Re: [PATCH] PCI: Add parameter @mmio_force_on to pci_update_resource()

2016-09-29 Thread Gavin Shan
On Wed, Sep 28, 2016 at 11:14:08AM +1000, Gavin Shan wrote:
>On Wed, Sep 28, 2016 at 10:06:44AM +1000, Benjamin Herrenschmidt wrote:
>>On Wed, 2016-09-28 at 09:37 +1000, Gavin Shan wrote:
>>> 
>>> Yeah, it's safe to update it with memory decoding on. As the function call
>>> flow I listed in the changelog (as below), nobody should access the IOV BAR
>>> when pci_update_resource() is called. However, the PF's memory BARs might
>>> be accessed that time and it's not safe to disable PF's memory decoding.
>>
>>The problem isn't so much whether anybody accesses the IOV BAR while
>>it's updated but whether the IOV BAR will decode at all.
>>
>>IE. The BAR is updated in two steps, 32-bit each. That means that there
>>is a window where it contains a "bogus" value.
>>
>>If that bogus value conflicts with another BAR (another BAR of the  PF
>>or another PF of the same device for example) then there is a risk of
>>something bad happening if the driver accesses that conflicting
>>resource during that window.
>>
>>On the other hand, if the IOV BAR doesn't decode at all while the
>>update is done, which I think is the case as I believe SR-IOV isn't
>>enabled during the update (please verify), then we are safe.
>>
>
>I assumed the SRIOV and its memory space aren't enabled when updating IOV
>BARs, but unfortunately they have been enabled at that point. I think
>pcibios_sriov_enable() should be moved before SRIOV is enabled. Note
>that pcibios_sriov_enable() is used by PowerNV only.
>
>static int sriov_enable(struct pci_dev *dev, int nr_virtfn)
>{
>   :
>pci_iov_set_numvfs(dev, nr_virtfn);
>iov->ctrl |= PCI_SRIOV_CTRL_VFE | PCI_SRIOV_CTRL_MSE;
>pci_cfg_access_lock(dev);
>pci_write_config_word(dev, iov->pos + PCI_SRIOV_CTRL, iov->ctrl);  
> /* SRIOV and its memory space enabled */
>msleep(100);
>pci_cfg_access_unlock(dev);
>
>iov->initial_VFs = initial;
>if (nr_virtfn < initial)
>initial = nr_virtfn;
>
>rc = pcibios_sriov_enable(dev, initial);   
> /* IOV BARs are updated inside it */
>
>   :
>}
>

I will add one patch in v2, to call pcibios_sriov_enable() before IOV BARs
are enabled. v2 will be posted shortly.

Thanks,
Gavin



Re: [PATCH] PCI: Add parameter @mmio_force_on to pci_update_resource()
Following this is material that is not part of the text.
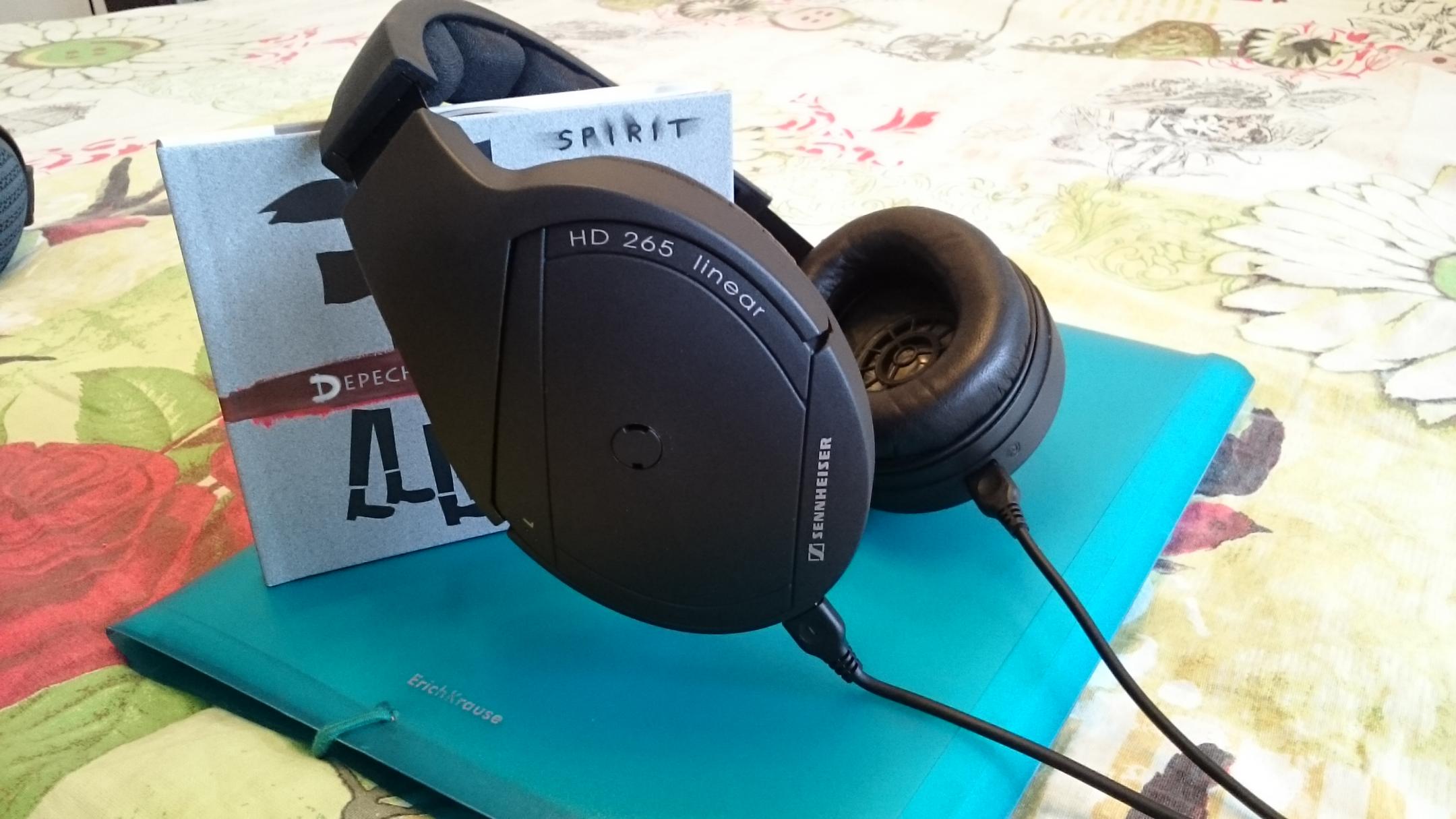 sennheiser hd525 hd265 linear forum.doctorhead.ru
2016-09-27 Thread Gavin Shan
On Wed, Sep 28, 2016 at 10:06:44AM +1000, Benjamin Herrenschmidt wrote:
>On Wed, 2016-09-28 at 09:37 +1000, Gavin Shan wrote:
>> 
>> Yeah, it's safe to update it with memory decoding on. As the function call
>> flow I listed in the changelog (as below), nobody should access the IOV BAR
>> when pci_update_resource() is called. However, the PF's memory BARs might
>> be accessed that time and it's not safe to disable PF's memory decoding.
>
>The problem isn't so much whether anybody accesses the IOV BAR while
>it's updated but whether the IOV BAR will decode at all.
>
>IE. The BAR is updated in two steps, 32-bit each. That means that there
>is a window where it contains a "bogus" value.
>
>If that bogus value conflicts with another BAR (another BAR of the  PF
>or another PF of the same device for example) then there is a risk of
>something bad happening if the driver accesses that conflicting
>resource during that window.
>
>On the other hand, if the IOV BAR doesn't decode at all while the
>update is done, which I think is the case as I believe SR-IOV isn't
>enabled during the update (please verify), then we are safe.
>

I assumed the SRIOV and its memory space aren't enabled when updating IOV
BARs, but unfortunately they have been enabled at that point. I think
pcibios_sriov_enable() should be moved before SRIOV is enabled. Note
that pcibios_sriov_enable() is used by PowerNV only.

static int sriov_enable(struct pci_dev *dev, int nr_virtfn)
{
:
pci_iov_set_numvfs(dev, nr_virtfn);
iov->ctrl |= PCI_SRIOV_CTRL_VFE | PCI_SRIOV_CTRL_MSE;
pci_cfg_access_lock(dev);
pci_write_config_word(dev, iov->pos + PCI_SRIOV_CTRL, iov->ctrl);   
/* SRIOV and its memory space enabled */
msleep(100);
pci_cfg_access_unlock(dev);

iov->initial_VFs = initial;
if (nr_virtfn < initial)
initial = nr_virtfn;

rc = pcibios_sriov_enable(dev, initial);
/* IOV BARs are updated inside it */

:
}

Thanks,
Gavin

>Cheers,
>Ben.
>



Re: [PATCH] PCI: Add parameter @mmio_force_on to pci_update_resource()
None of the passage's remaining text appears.